Pre-draft measurables
| Height | Weight | Arm length | Hand span | Wingspan | 40-yard dash | 10-yard split | 20-yard split | 20-yard shuttle | Vertical jump | Broad jump | Bench press |
| 5 ft 9+3⁄8 in (1.76 m) | 204 lb (93 kg) | 30 in (0.76 m) | 9+1⁄2 in (0.24 m) | 6 ft 0+5⁄8 in (1.84 m) | 4.44 s | 1.58 s | 2.59 s | 4.47 s | 33.5 in (0.85 m) | 10 ft 0 in (3.05 m) | 21 reps |
All values from NFL Combine/Pro Day

===Los Angeles Rams===
Hunter was selected by the Los Angeles Rams in the fourth round (117th overall) of the 2025 NFL draft.

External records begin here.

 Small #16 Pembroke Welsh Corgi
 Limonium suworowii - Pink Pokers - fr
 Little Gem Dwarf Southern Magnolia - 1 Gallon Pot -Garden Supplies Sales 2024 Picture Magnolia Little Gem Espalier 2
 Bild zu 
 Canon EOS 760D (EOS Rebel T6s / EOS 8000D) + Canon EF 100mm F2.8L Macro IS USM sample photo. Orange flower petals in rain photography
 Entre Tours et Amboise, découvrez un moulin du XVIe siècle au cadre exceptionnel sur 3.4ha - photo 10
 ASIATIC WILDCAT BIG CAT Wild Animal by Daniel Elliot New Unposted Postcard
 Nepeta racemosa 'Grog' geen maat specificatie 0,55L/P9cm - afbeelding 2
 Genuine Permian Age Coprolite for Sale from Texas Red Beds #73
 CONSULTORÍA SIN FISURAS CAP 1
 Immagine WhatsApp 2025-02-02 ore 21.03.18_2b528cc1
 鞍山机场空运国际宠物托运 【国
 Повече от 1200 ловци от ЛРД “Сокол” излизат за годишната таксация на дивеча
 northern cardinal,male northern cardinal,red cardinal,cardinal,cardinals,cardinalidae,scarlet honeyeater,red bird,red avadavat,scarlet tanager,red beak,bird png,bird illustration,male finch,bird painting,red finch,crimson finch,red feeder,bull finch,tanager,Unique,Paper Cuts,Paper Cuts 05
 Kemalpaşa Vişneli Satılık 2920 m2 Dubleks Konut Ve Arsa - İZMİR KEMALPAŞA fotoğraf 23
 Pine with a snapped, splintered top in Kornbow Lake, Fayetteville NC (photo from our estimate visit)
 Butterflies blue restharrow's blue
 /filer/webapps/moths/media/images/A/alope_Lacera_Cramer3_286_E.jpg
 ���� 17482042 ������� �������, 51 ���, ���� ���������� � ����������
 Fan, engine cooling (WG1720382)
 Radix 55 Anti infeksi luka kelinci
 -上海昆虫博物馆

He rushed for 110 yards on 31 carries and had one reception for two yards during the preseason and made the Rams' final roster. In the regular season, Hunter appeared on special teams in five of L.A.'s first six games, but was inactive for the remainder of the schedule and saw no further action.

===Miami Dolphins===
On August 27, 2026, the Rams traded Hunter to the Miami Dolphins in exchange for wide receiver Tutu Atwell. He was waived three days later as part of final roster cuts and re-signed to the practice squad.